Law of Conservation of Angular Momentum

In an isolated system, total angular momentum remains constant over time: $$ \vec{L}_{\text{tot}} = \text{constant} $$

The conservation of angular momentum is one of the bedrock principles of physics. It explains how rotating systems behave when no external torques are acting on them.

This law stands alongside the conservation of energy and linear momentum as one of the cornerstones of mechanics. It applies universally-to rigid bodies, to individual particles, and on the grandest scales, to planets and stars. 

What exactly is angular momentum? Angular momentum is a vector quantity that describes the rotational state of a body with respect to a fixed point or axis. For a particle of mass \$m\$, located at position \$\vec{r}\$ relative to a point \$O\$, moving with velocity \$\vec{v}\$, it is defined as: $$ \vec{L} = \vec{r} \times \vec{p} $$ where \$\vec{p} = m \vec{v}\$ is the particle’s linear momentum, and \$\times\$ denotes the cross product. The resulting angular momentum vector is perpendicular to the plane defined by \$\vec{r}\$ and \$\vec{p}\$.

Practical Examples

Example 1

A planet orbiting the Sun is governed by the Sun’s central gravitational pull.

Because there is no torque about the Sun, the planet’s angular momentum is conserved.

This is precisely what underlies Kepler’s second law: the radius vector sweeps out equal areas in equal intervals of time.

Example 2

A figure skater spinning on the ice can change their spin rate simply by pulling their arms inward toward the body.

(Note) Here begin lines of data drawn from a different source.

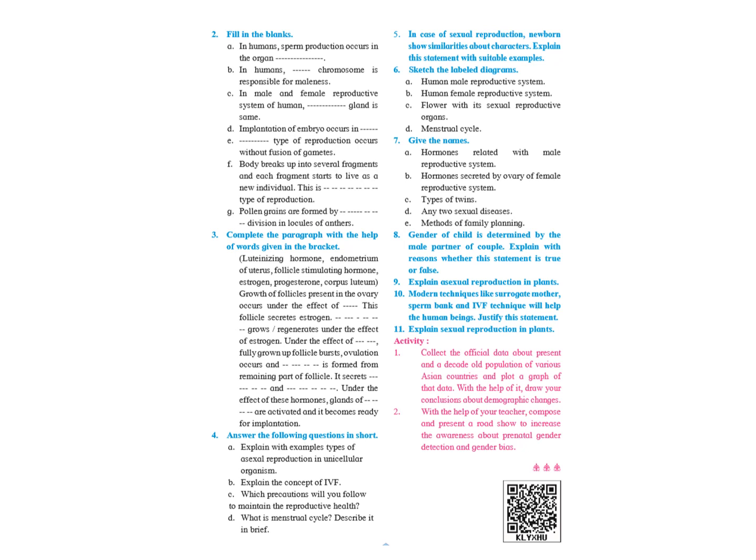Diagrams: Human male reproductive system, page number 28. Human female reproductive system, page number 29. Flower with its sexual reproductive organs, page 26. Menstrual cycle, page number 31.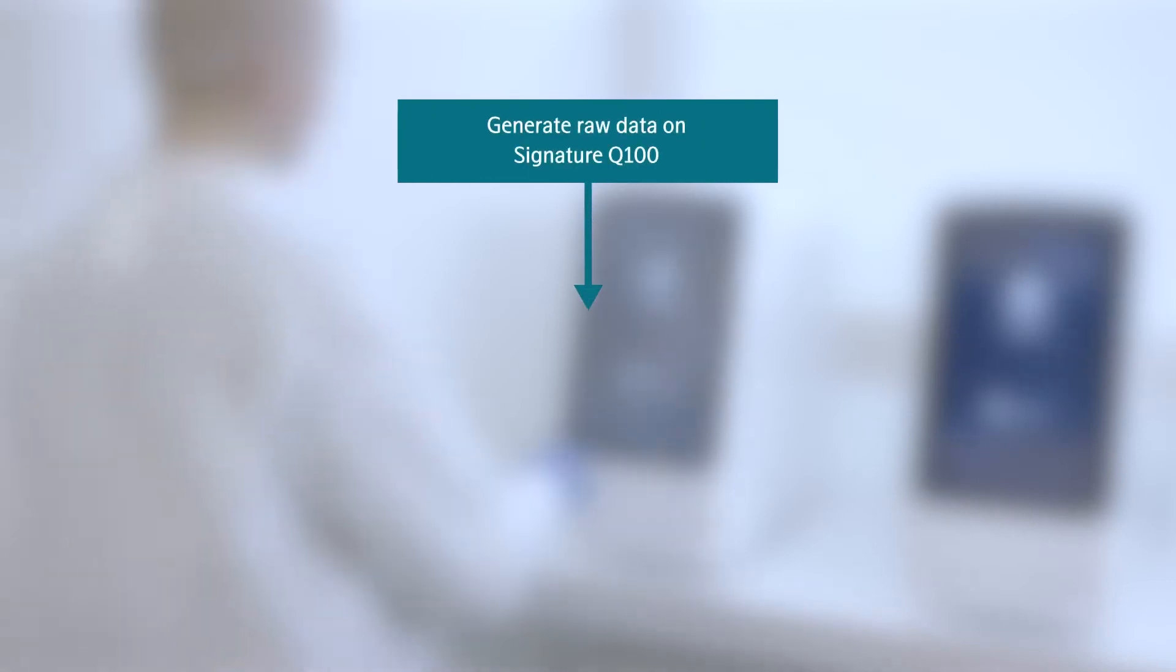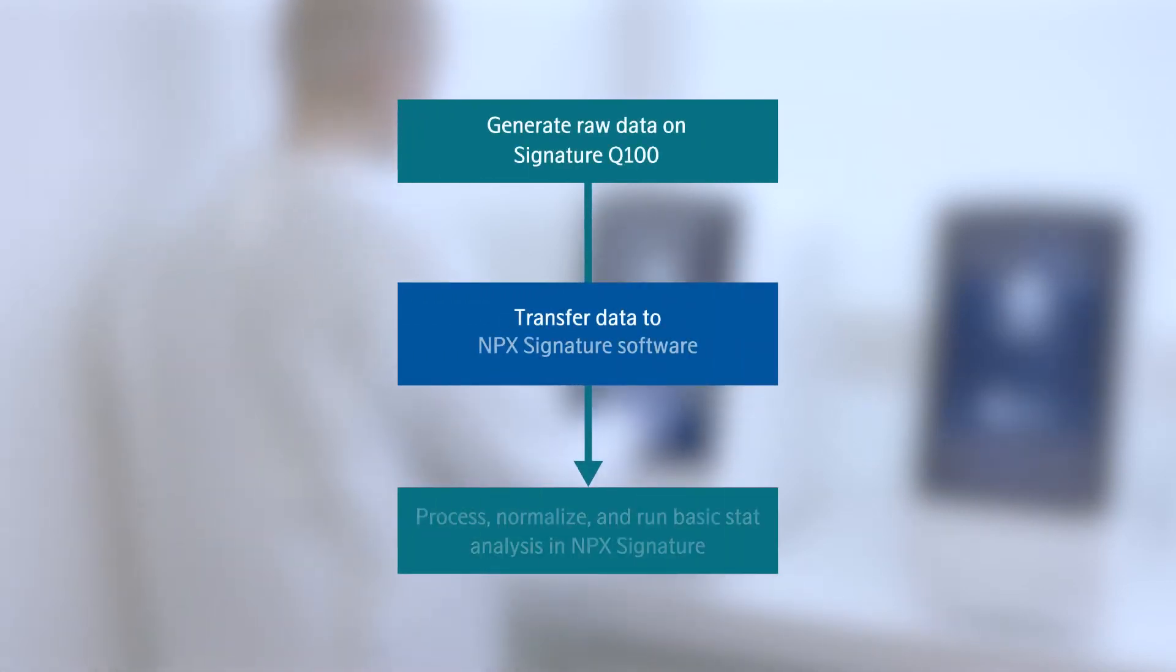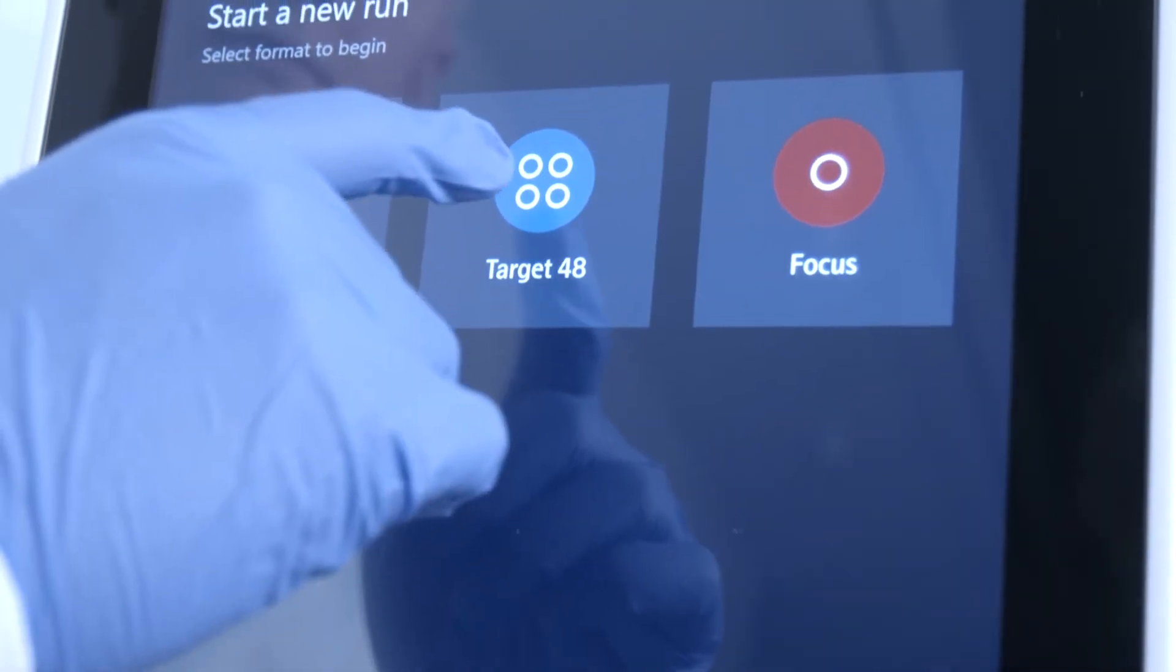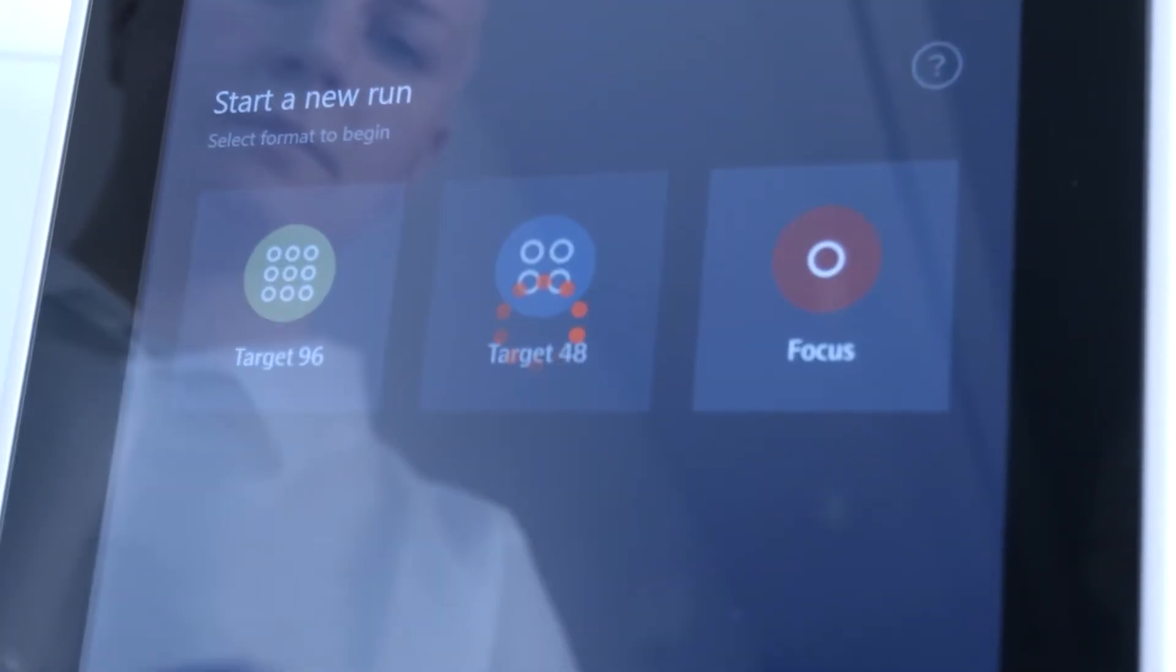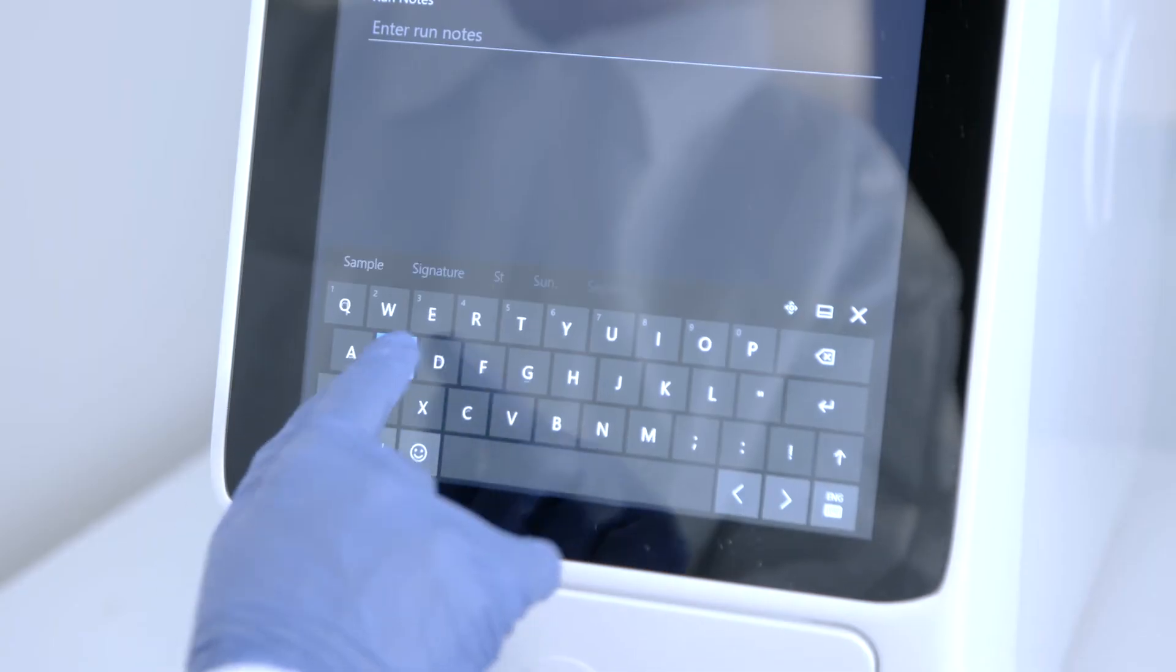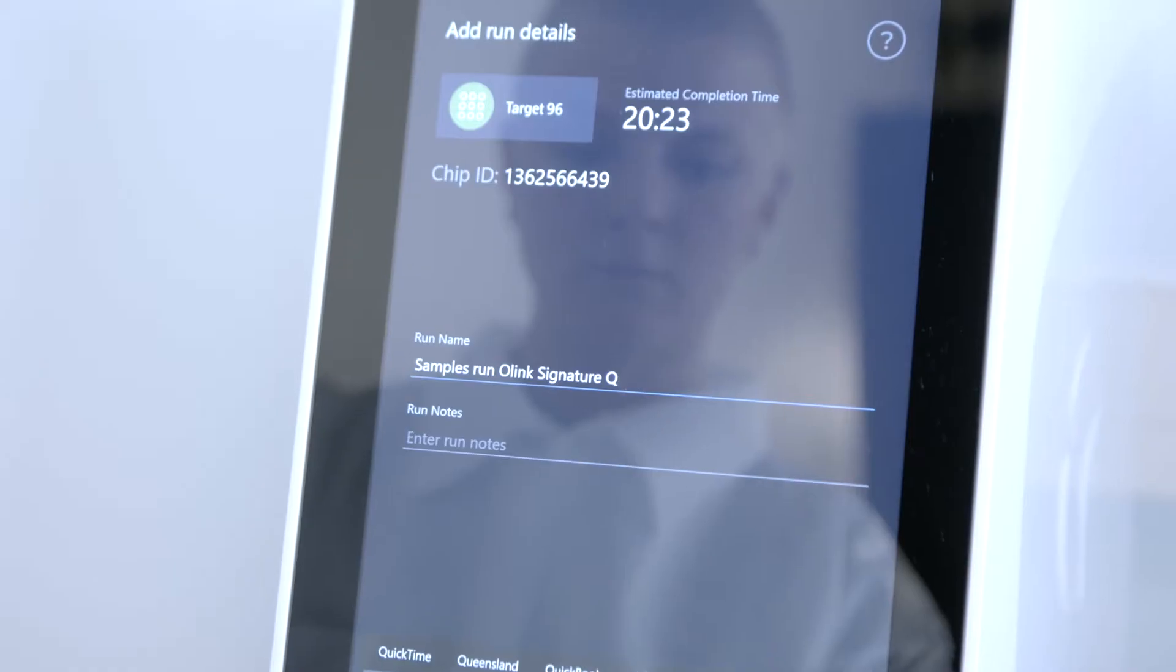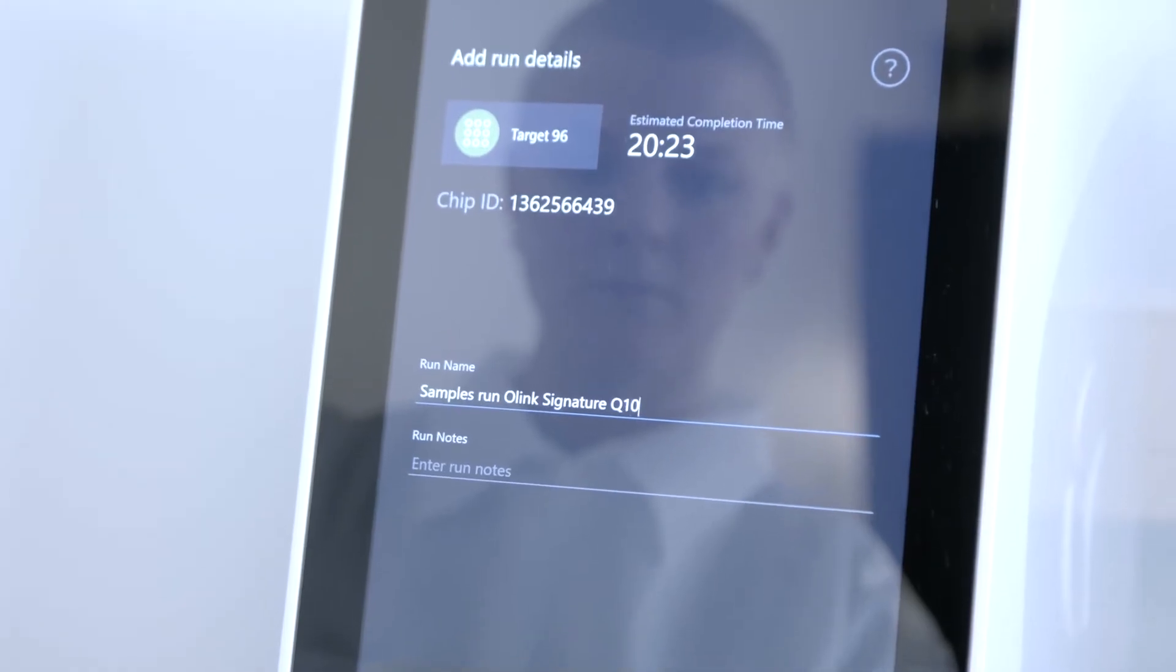Everything about O-Link Signature is streamlined, from form to function. Move seamlessly from sample analysis to data generation using the Signature's user-friendly smart touch screen.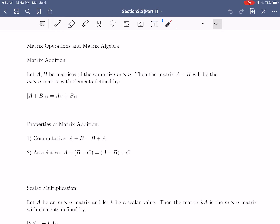Hi everybody, I hope this video finds you well. In today's video, we're going to be moving into section 2.2 from your textbook, which introduces us to matrix operations and matrix algebra. In the previous video, we took some time to give basic definitions and notation for matrices, talked about what a matrix really represents — a collection of objects written in a row-column format — and gave a general introduction into this new mathematical object.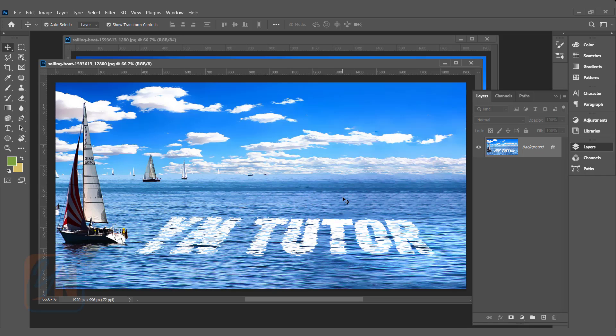Hi, this is lesson number 24 from our Photoshop training series. In this exercise, we are going to learn how to create text effect on the water.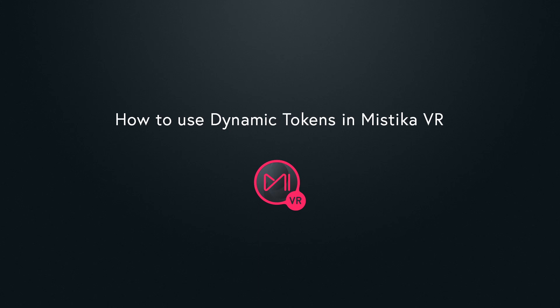Hi, and welcome to this tutorial, where we are going to explain how to use dynamic tokens in Mistika VR.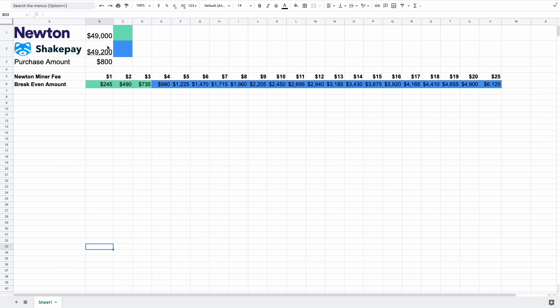Newton's price, ShakePay's price, and your purchase amount. Now in terms of the miner fees over here, this is kind of a guess because I'm not exactly sure how Newton comes up with their miner fees in terms of the cost to you that is.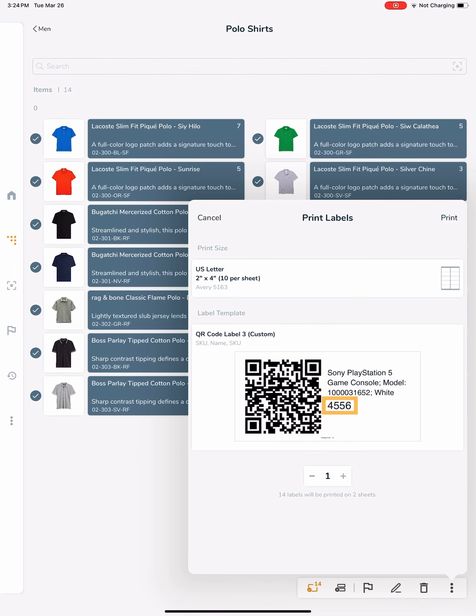Let's print a few QR code labels with Nasdaq ID and a few barcode labels with SKU and scan them to see what happens.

The skater’s mass stays the same, but their moment of inertia $I$ decreases. To conserve angular momentum $L = I \omega$, the angular velocity $\omega$ must increase.

Theoretical Foundation: Noether’s Theorem

The conservation of angular momentum isn’t just an observed regularity-it rests on a profound theoretical basis.

Noether’s theorem states that every symmetry in the laws of physics corresponds to a conserved quantity.

In this case, rotational symmetry leads directly to the conservation of angular momentum.

If the laws of physics remain unchanged under rotations of the reference frame, then angular momentum must be conserved.

And so the principle holds.